Антон Тарасюк добавляет, что в эпоху информационного голода, то есть до взрыва современных коммуникационных и интернет-технологий, любые частицы частной жизни «великих мира сего» казались чем-то важным и значительным. Больше нет.
«Мы понимаем, что разница между людьми исчезающе мала. И это нас скорее разочаровывает, – говорит Тарасюк. – Усталость, апатия, дефицит внимания – характерные симптомы перенасыщенных людей, лишившихся классической приватности».
По мнению Минакова, потеря различия между публичным и частным ведет к обществу без стыда и, возможно, совести.
Мы сами желаем приватности смерти
Люди готовы раскрывать чувствительную информацию о себе в соцсетях и охотно следят за жизнью других. Акционистка Риза Пуно смогла уговорить почти половину посетителей Бруклинского фестиваля искусств раскрыть свои персональные данные – фотографии, отпечатки пальцев или номера социального страхования – в обмен на вкусное печенье с корицей. Чтобы на несколько секунд попасть в прямой эфир популярного американского шоу Jimmy Kimmel Live, туристы на Голливудском бульваре раскрывают свои пароли. Влюбленные пары снимают домашнее порно, женщины рожают в прямом эфире.

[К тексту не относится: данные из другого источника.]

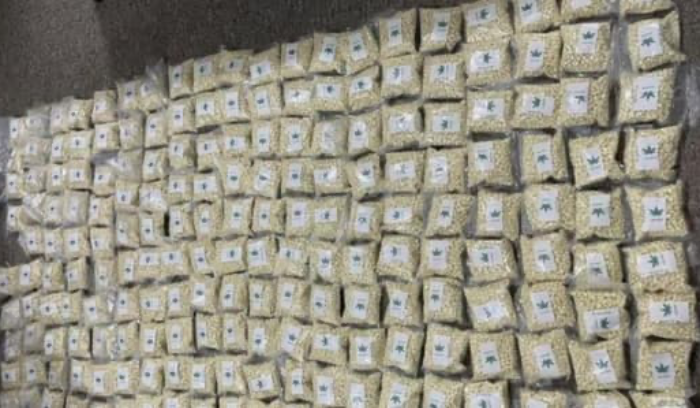 ضبط 120 ألف حبة كبتاغون داخل منزل قيد الإنشاء!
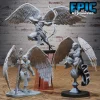 Bird Folk Falcon Set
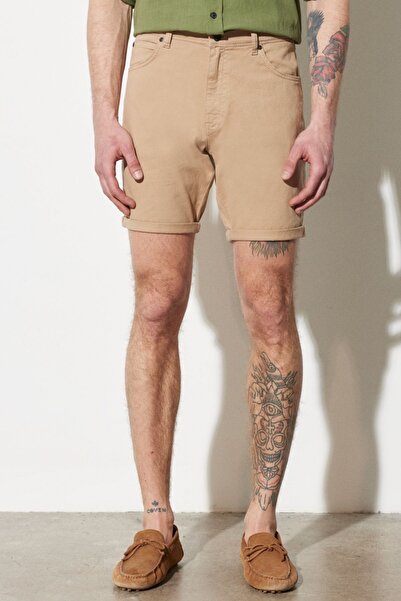 WRANGLER Regular Fit Normal Kesim Şort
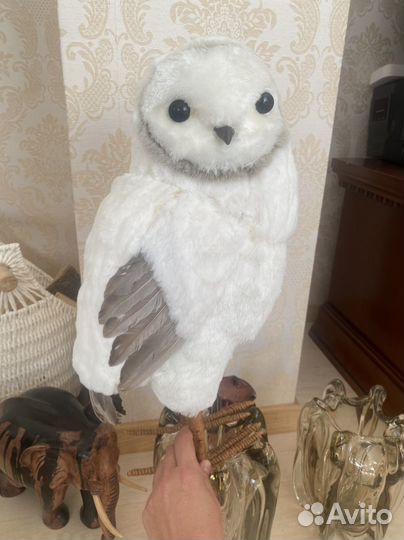 Сова искуственная
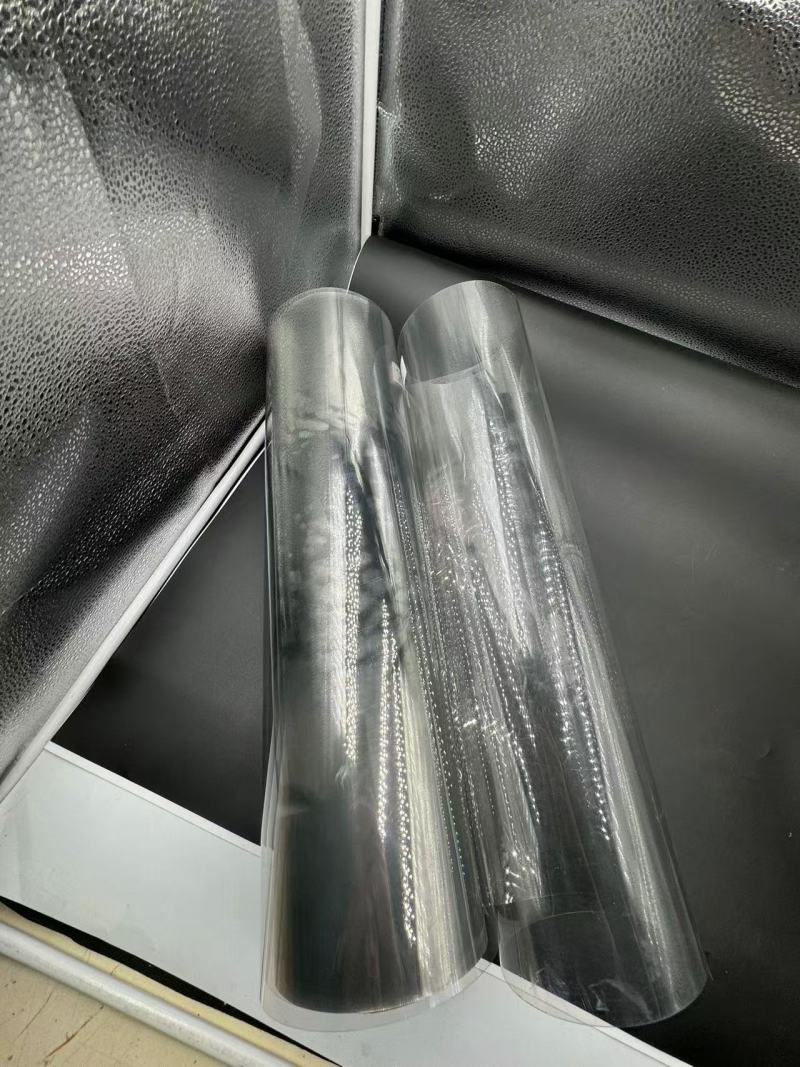 TL-RPET-183 RPET folija za termično oblikovano posodo za pretisne omote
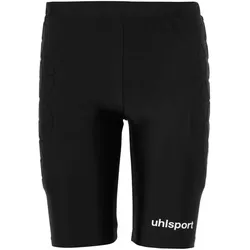 uhlsport Torwart Tights schwarz 140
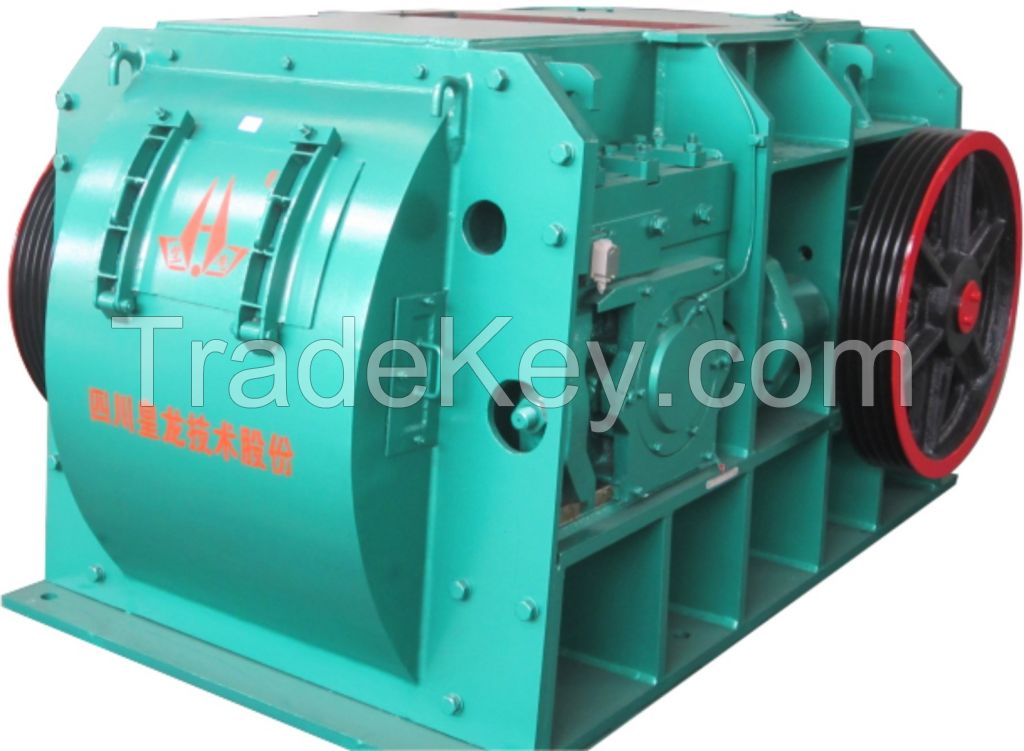 HLPMC Roller Crusher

Доцент кафедры философии и религиоведения Киево-Могилянской академии Вячеслав Цыба говорит, что «лишение приватности» не столько навязанный кем-то процесс, сколько тенденция, внутренне укоренившаяся в способности человека постоянно перемещаться с уровня «общий для всех мир» на уровень «этот мир только для меня». От способа быть частью целого (общества, народа, класса, субкультуры) к способу быть единицей.
Цыба предлагает политическое прочтение «смерти приватности». По его словам, глобализация, превращающая людей из разных уголков планеты в «близких соседей», создает впечатление, что привычная приватность является рудиментом закрытого мира, мира границ и предрассудков. Только там, где есть страх что-то потерять, есть потребность защищать его от чужого глаза. Там, где чувствуют опасность, возникает стремление скрыть. Теперь, когда кажется, что прятать означает противопоставлять себя другим, объектом атаки является уже недоверие и остережение. «Инстаграм» – это платформа, которая, похоже, призвана формировать психологическую атмосферу доверия. Но соцсети, созданные корпорациями, меньше заботятся о гармонии между людьми или социальными группами. Кстати, этот вопрос содержательно рассматривают авторы популярного фильма Netflix «Социальная дилемма», посвященного методам соцсетей и изменению человеческого поведения из-за них.
«Эффект работает, доверие как установка поведения побуждает придерживаться ее, жить в «прозрачном мире» безопаснее, это не требует напряжения сил, – говорит Цыба. – Добровольный отказ оберегать свою личность от несанкционированного доступа и является, на мой взгляд, сущностью настоящего «лишения приватности». Где запрет, там есть его нарушение, отсюда отказ от запретов, что, как полагают, должно исключить и акт нарушения. Хитрая игра явного и неявного, которую приятно недовидеть».